=== Section Start ===
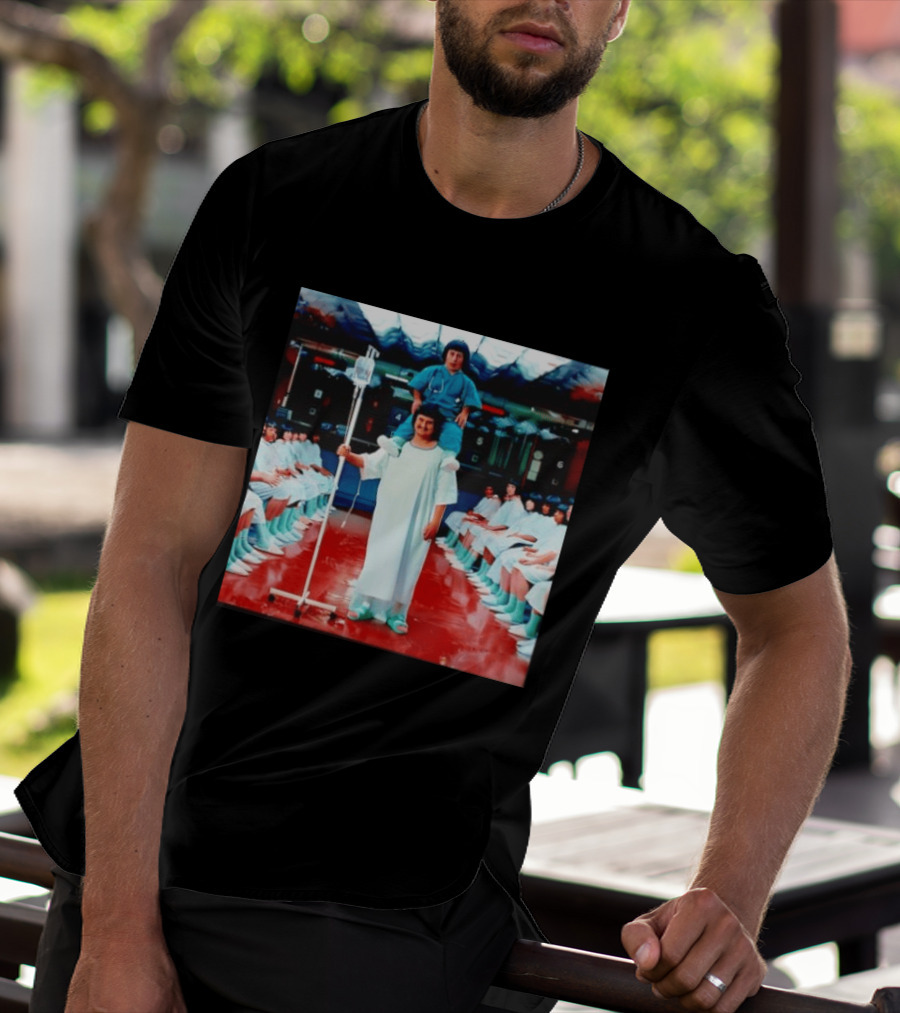 Doctor Riding On Patient Shoulders Hospital Room Surrealism T-Shirt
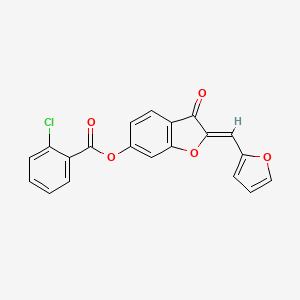 (Z)-2-(furan-2-ylmethylene)-3-oxo-2,3-dihydrobenzofuran-6-yl 2-chlorobenzoate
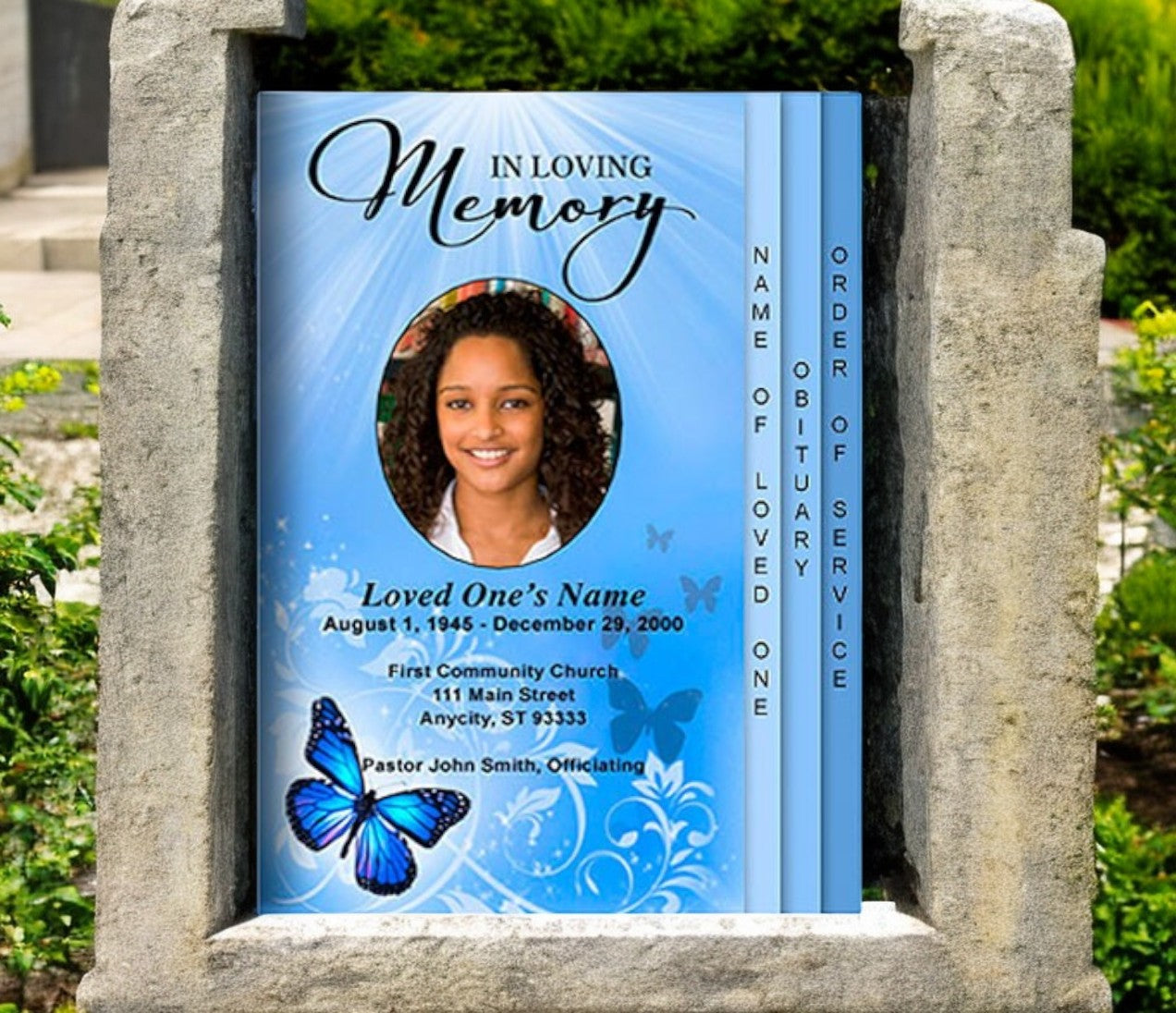 Butterfly 8-Sided Graduated Funeral Program Template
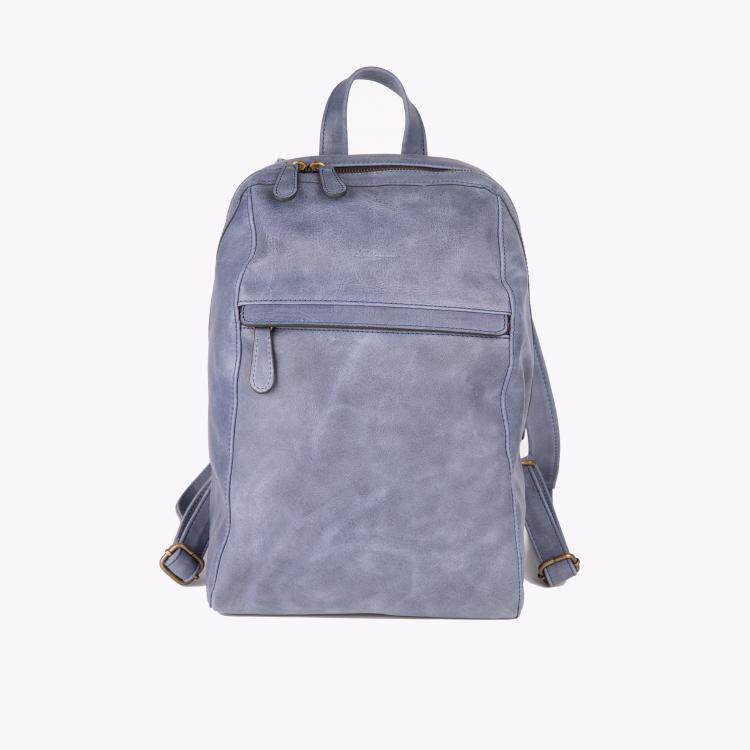 美国代购Backpack㊣ 手作简约时尚舒适蓝色皮革电脑旅行双肩背包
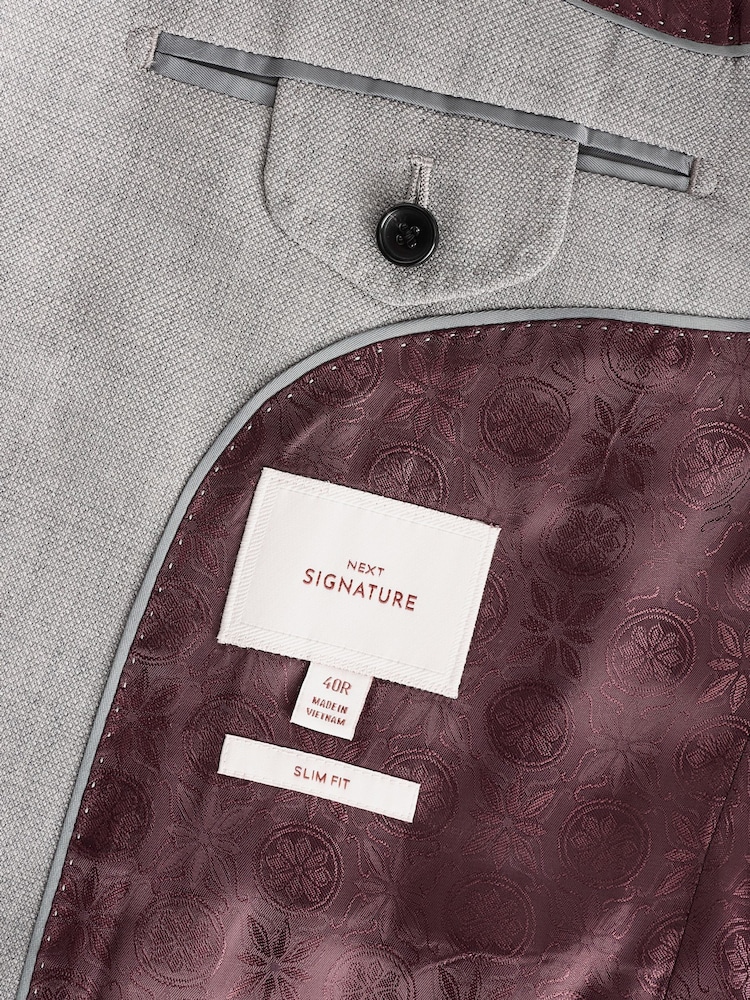 Gris - Veste de costume slim Signature Tollegno italienne en laine texturée - Image 12 of 13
=== Section End ===
What needs to be done
The answer is the entries above, given again exactly, with no pictures among them.

Answer for the task
 Doctor Riding On Patient Shoulders Hospital Room Surrealism T-Shirt
 (Z)-2-(furan-2-ylmethylene)-3-oxo-2,3-dihydrobenzofuran-6-yl 2-chlorobenzoate
 Butterfly 8-Sided Graduated Funeral Program Template
 美国代购Backpack㊣ 手作简约时尚舒适蓝色皮革电脑旅行双肩背包
 Gris - Veste de costume slim Signature Tollegno italienne en laine texturée - Image 12 of 13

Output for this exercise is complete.